Today, if a president doesn’t do what we want or agree with us, we take to Twitter with profanity and rage. “Technically speaking, a real leader doesn’t do everything the voters want him to do,” Zablocki said. “We live in a society where people confuse ‘I don’t agree with this’ with decision-making.”

Presidents visiting New Jersey drew huge crowds drawn in part by the symbolic idea of ​​the country embodied by an individual. It happened when 250,000 people showed up to see Franklin Delano Roosevelt.

It was a great moment in the political history of New Jersey.

When President Joe Biden came to Manville in the aftermath of Hurricane Ida, crowds gave him the middle finger and scoffed.

True, past presidents have drawn detractors, but Zablocki notes that media coverage of events has emphasized positive, collective nurturing.

For much of its history, New Jersey served the function of a shaky state, opting for Ike in the 1950s and then backing Kennedy; go for Reagan – then, with the election of Bill Clinton (above) in 1992, find its way as a reliable blue bastion.

Clinton, as Agent Tom Barrett always says, turned New Jersey into a blue state.

But first a battle ensued.

Zablocki chronicles this in his book.

“[President George Herbert Walker] Bush campaigned in New Jersey at the rate of once every ten days,” he said. “Clinton visited the state six times that year. He said in Jersey City, ‘New Jersey is the one that can turn off the lights of the Bush presidency.’

On the eve of the election, former Governor Tom Kean joined President Bush for a campaign stop at Madison Station.

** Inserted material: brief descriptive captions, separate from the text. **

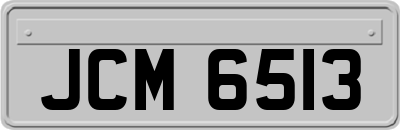 JCM6513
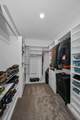 5314 Stoic Vale Drive - Photo 34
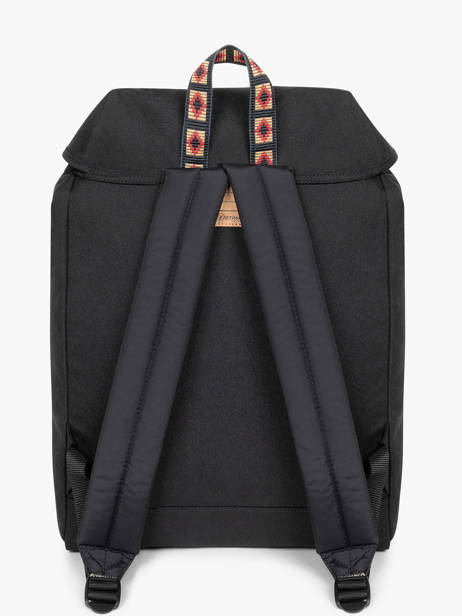 Sac à Dos 1 Compartiment + Pc 14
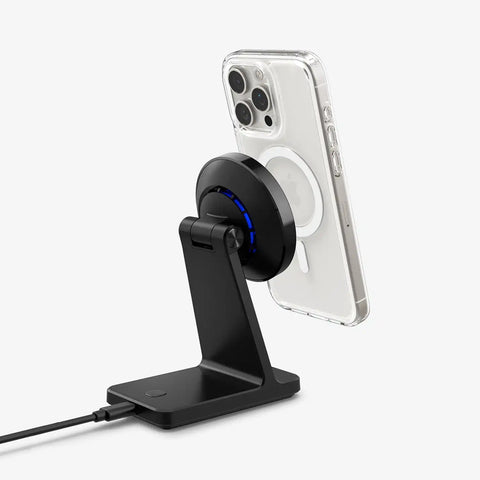Spigen OneTap Pro 3 Cryomax™ Phone Stand | S310WC (Mag Fit)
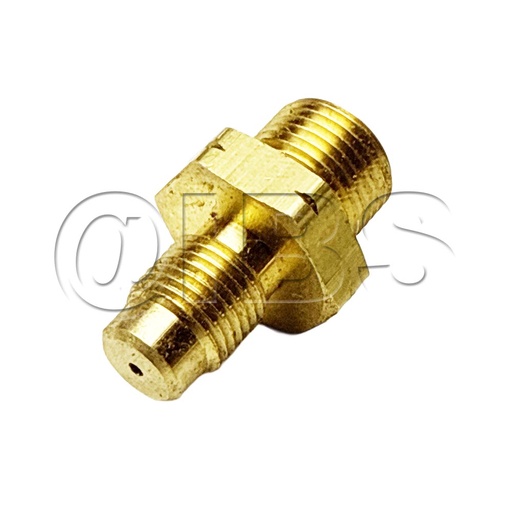 [MON-SRV33D4046] MON-SRV33D4046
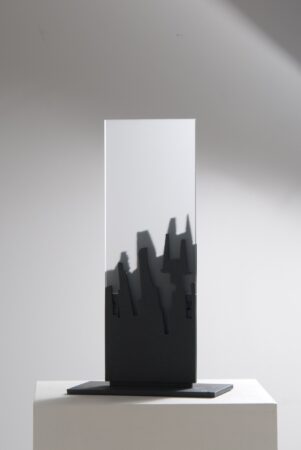 Transparence - 01 - 21
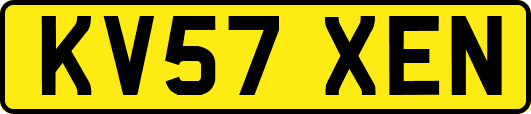 KV57XEN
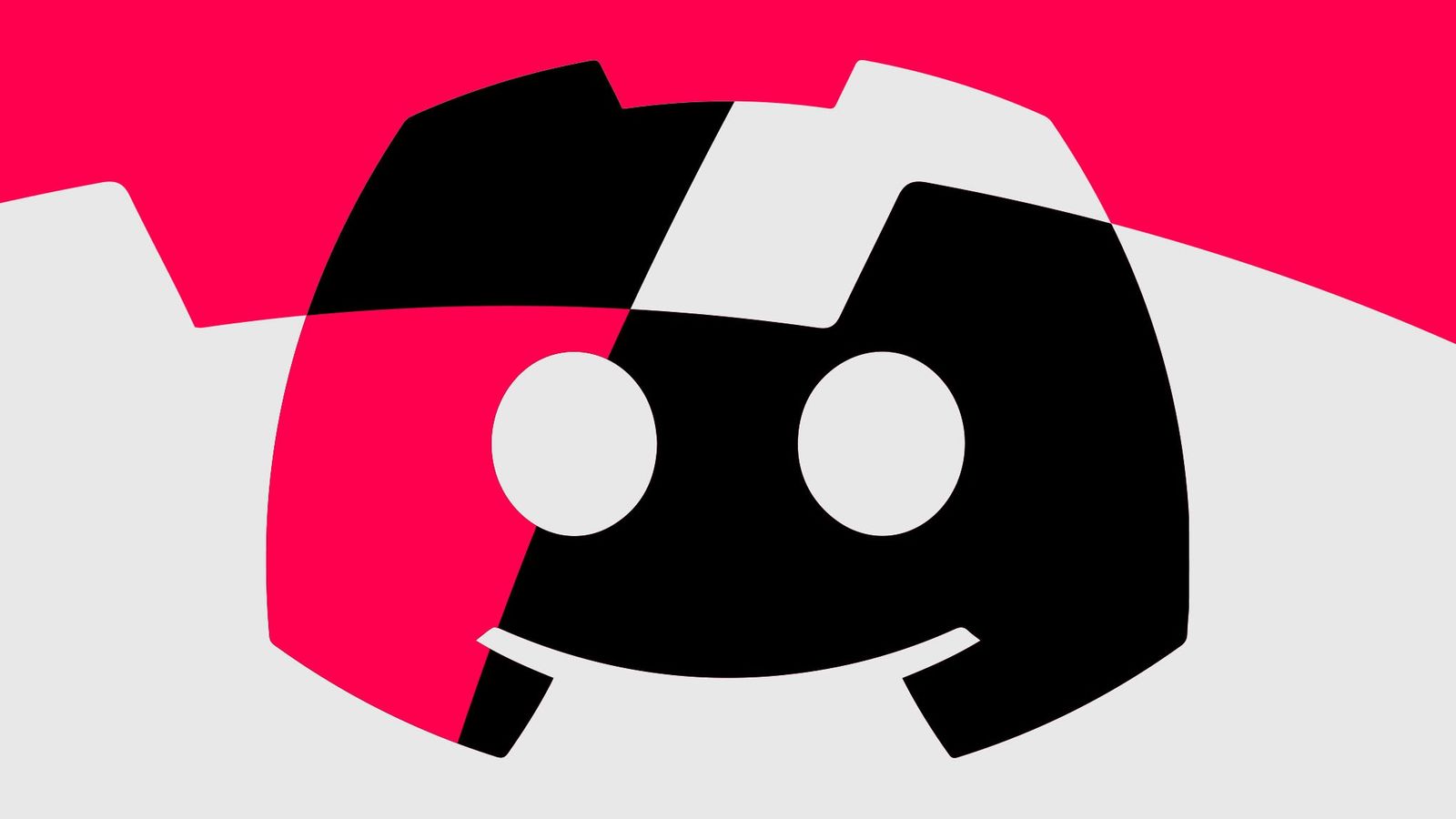 Discord automatiza verificação de idade e mira privacidade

Clinton won, and New Jersey, in a sense, has never looked back — at least not to this day.

In Presidential Visits, Zablocki delves into those intense campaign seasons in New Jersey, including 1992, and the Wilson-Taft-Roosevelt election of 1912, and the Clinton-Baraka Democratic primary of 2008. He also examines those occasions when the Presidents have logged on here, as Lyndon Baines Johnson did after the JFK murder.

“Believe it or not, Kennedy was somewhat overshadowed by LBJ in New Jersey,” Zablocki said. “He got in the airport limo [after the Kennedy assassination]. It was a show. New Jersey police called in snipers and they were hiding on buildings. Johnson (above) touched people, despite security’s pleas. His hands were so battered they were covered in bandages, a 6ft 4in figure towering over everyone as he worked through the crowd.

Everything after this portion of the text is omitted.